La classe des affranchis se compose des serfs qui ont obtenu leur liberté en récompense d’un service rendu, ou qui, ayant été vendus comme esclaves, reviennent dans leur patrie avec une petite fortune qui les met à même d’acheter un domaine. La liberté passe à leurs enfans, qui jouissent des mêmes droits que les nobles.

Les vassaux ou serfs résident de père en fils sur les terres du prince ou du noble dont ils relèvent. Ils sont astreints à la culture des terres et ont à payer par paire de bœufs une redevance en nature, qui varie de douze à quatorze sacs de millet ; mais avant tout ils doivent la prestation du service militaire. Chaque serf possède une portion de terrain et des bestiaux, sur lesquels le seigneur n’a rien à prétendre.

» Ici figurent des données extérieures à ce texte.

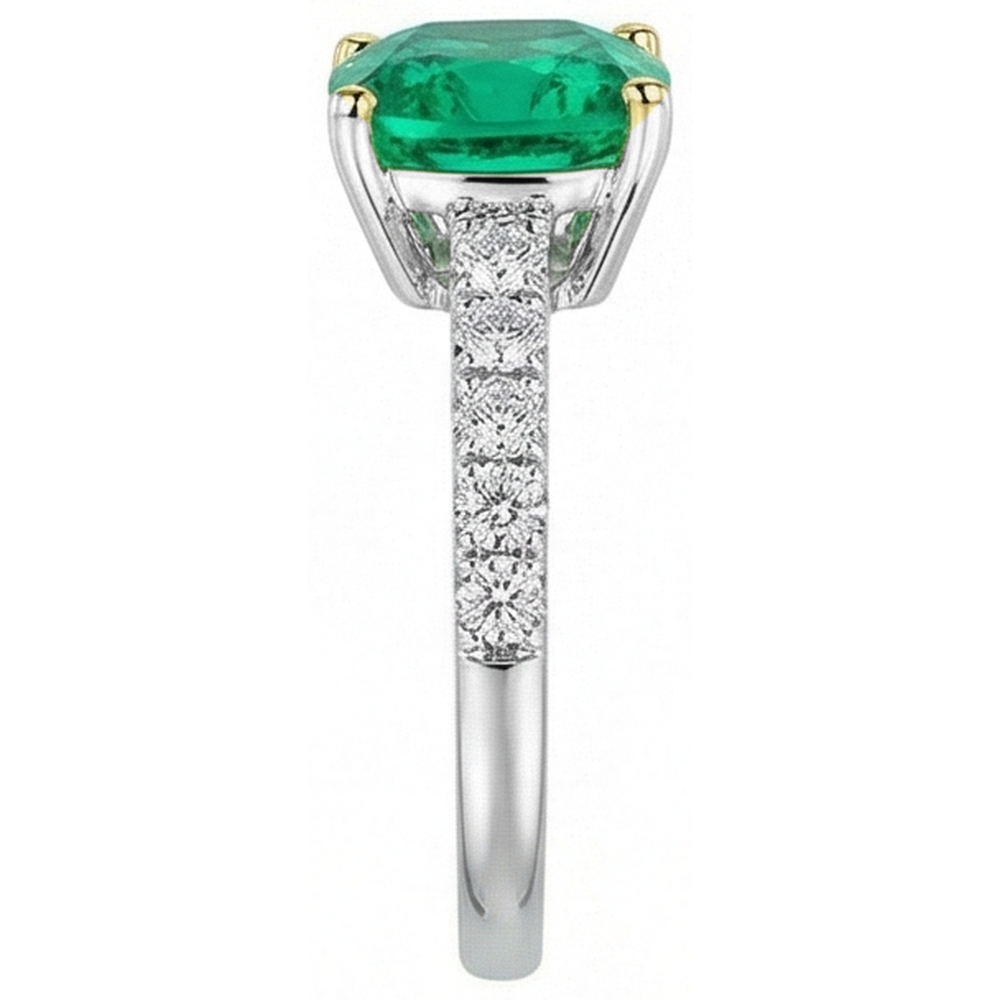 Natural Real ( Not Lab Grown ) Huge Cushion Green Emerald GIA Ring For Women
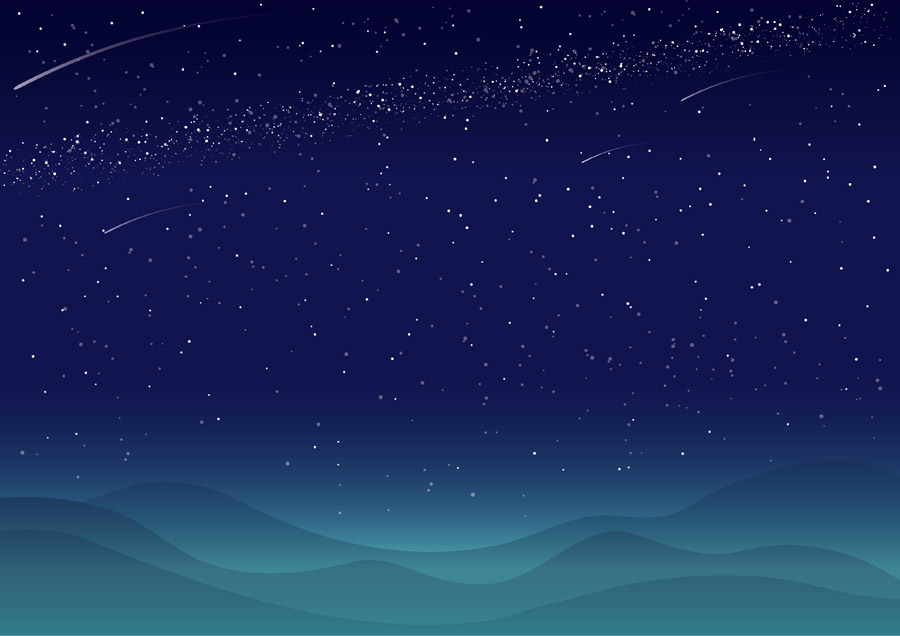 無料イラスト, ベクター, AI, 風景（イラスト）, 自然, 夜, 夜空, 星, 流れ星（流星）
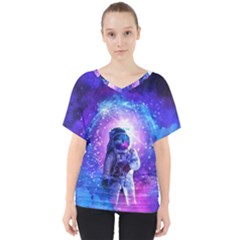 The Cosmonaut Galaxy Art Space Astronaut V-neck Dolman Drape Top by Pakjumat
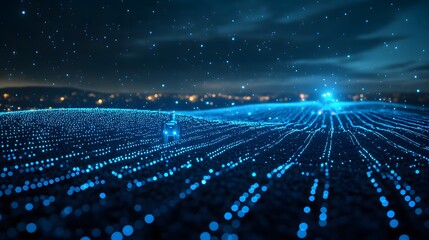 Poster - Futuristic landscape at night featuring glowing blue grid, vehicle, cityscape, and star-like dots. Ethereal and technological mood. Abstract dark blue wireframe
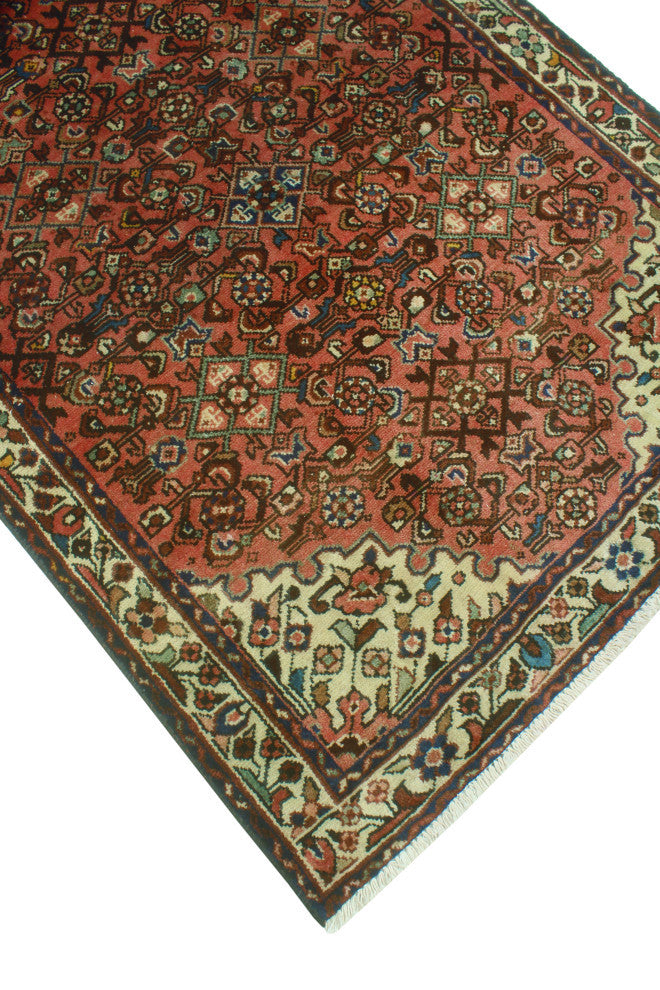 Fine Vintage Distressed Nikoo Rust/Ivory Runner, 3'3 x 9'8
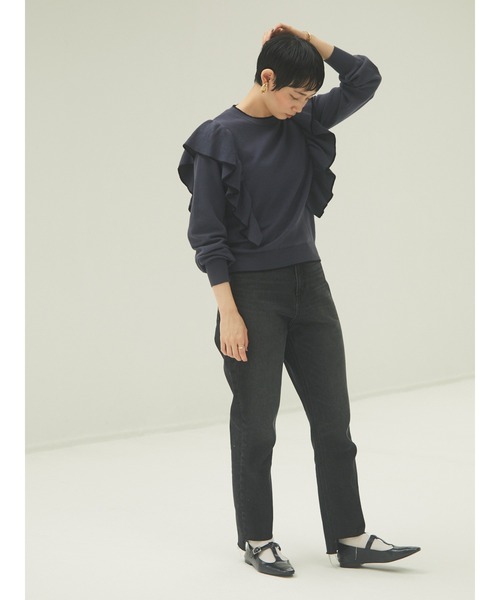 armonia（アルモニーア）の「armonia・配色フリルニットプルオーバー＊（ニット/セーター・レディース・カーキ/ネイビー/ベージュ・FREE）」の16枚目の写真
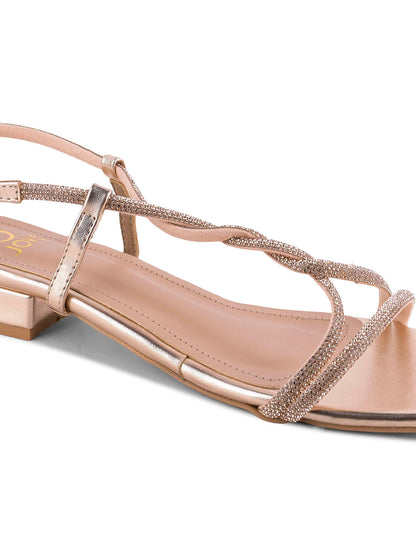 Women Copper Embellished Sandals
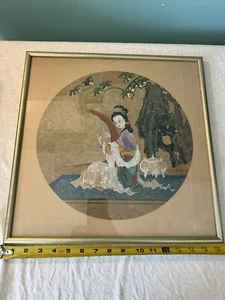 Pintura gouache vintage firmada por Wong - Imagen 1 de 3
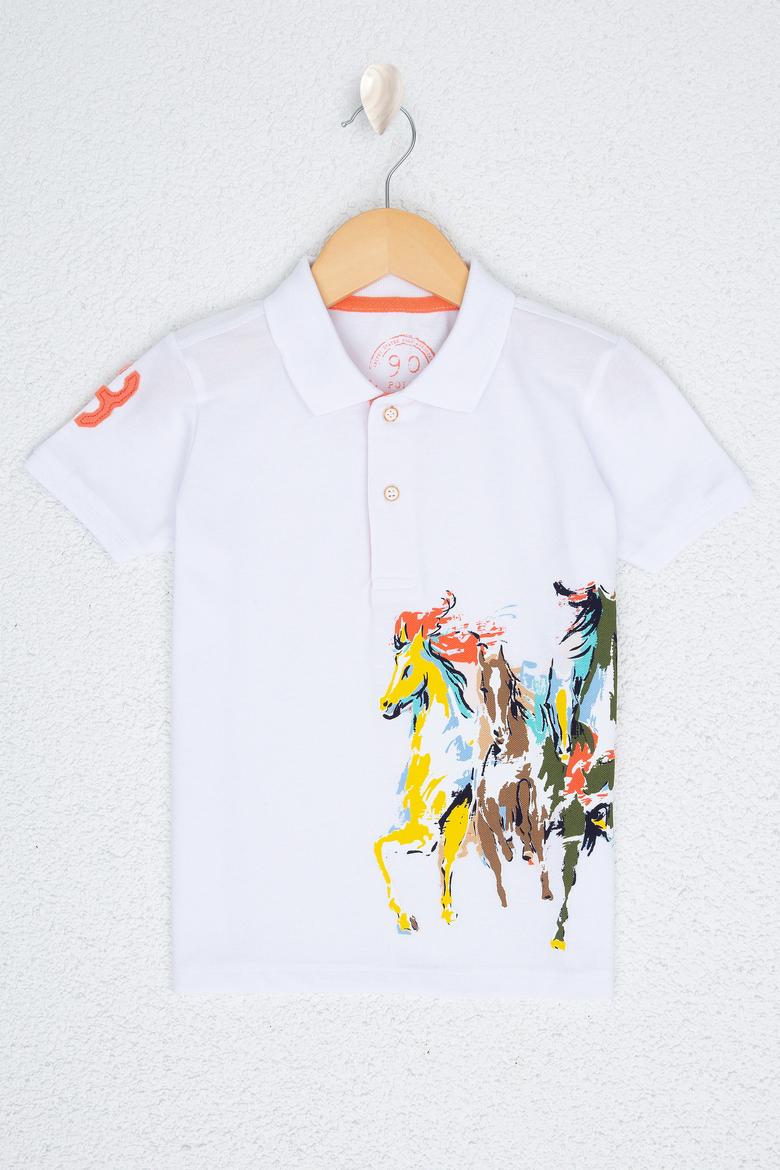 Çocuk Beyaz Bisiklet Yaka Tişört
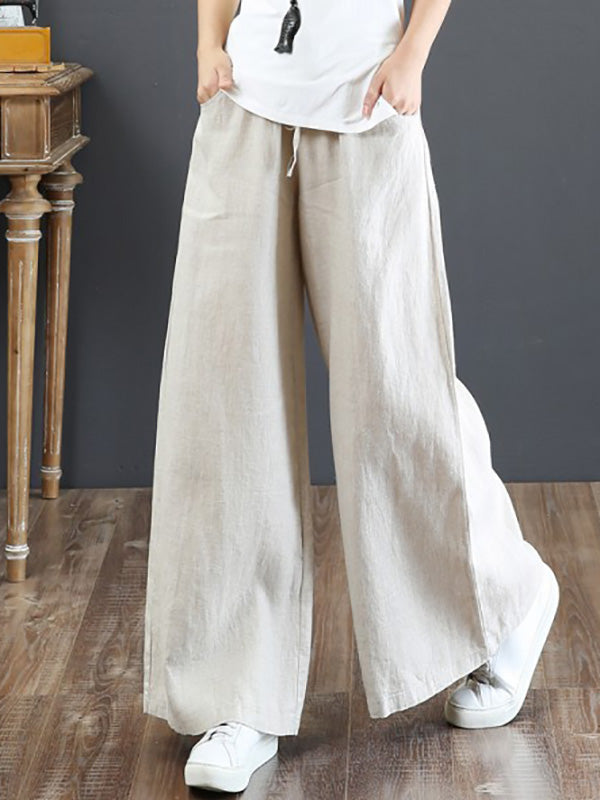 Women's Cotton Linen Wide Leg Pants Casual Plus Size High Waist Straight Trousers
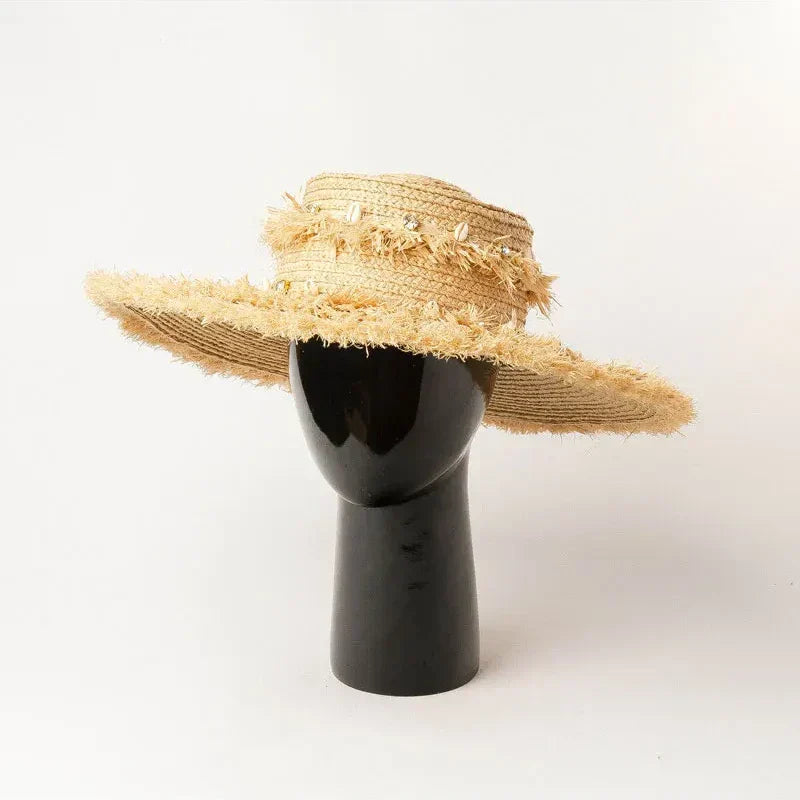 Shell Trim Raffia Boater Hat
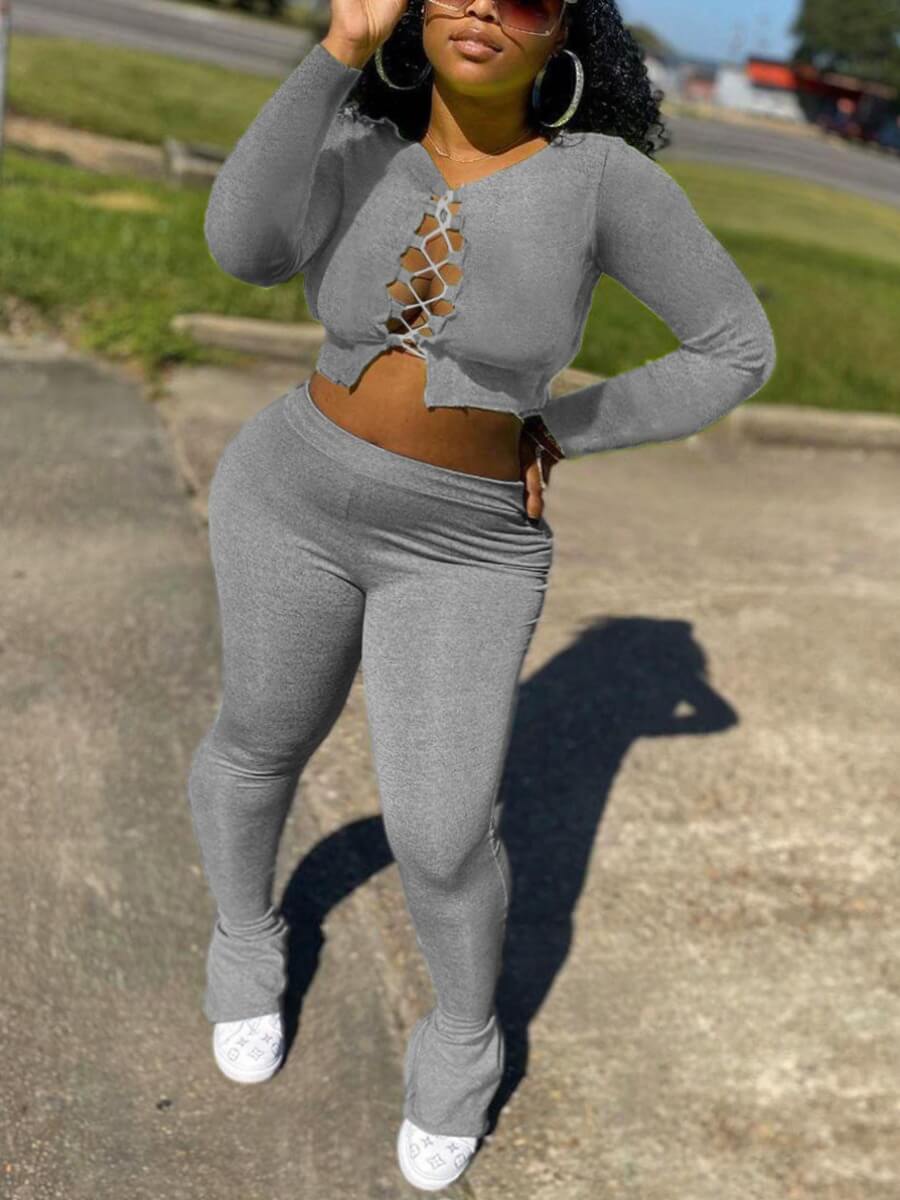

Lovely Casual Bandage Hollow-out Design Crop Top Grey Two Piece Pants Set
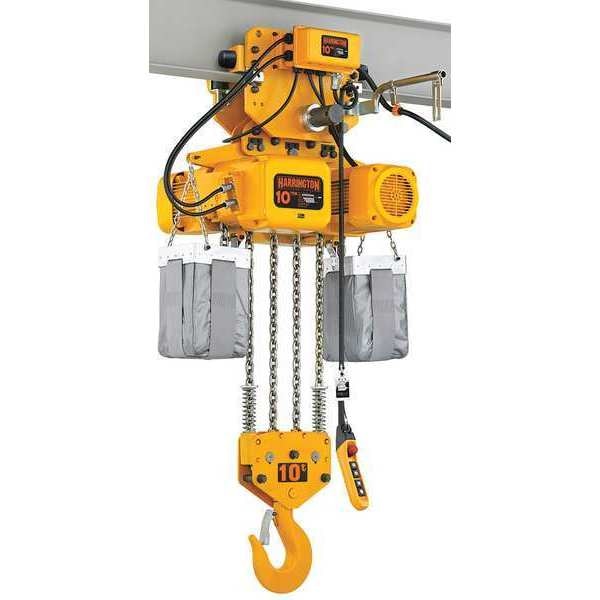 Electric Chain Hoist, 20,000 lb, 10 ft, Motorized Trolley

L’autorité de celui-ci n’est nullement absolue : il ne peut vendre son vassal que dans le cas de faute grave, et après un jugement prononcé par l’assemblée de la tribu. Ce vassal à son tour peut, en cas de mécontentement grave et suffisamment motivé, quitter son maître, en choisir un autre et aller résider ailleurs. Un pouvoir ainsi tempéré, et dont l’exercice est restreint par les anciens usages, est peu sensible ; il se réduit à une tutelle toute de confiance et d’une nature patriarcale.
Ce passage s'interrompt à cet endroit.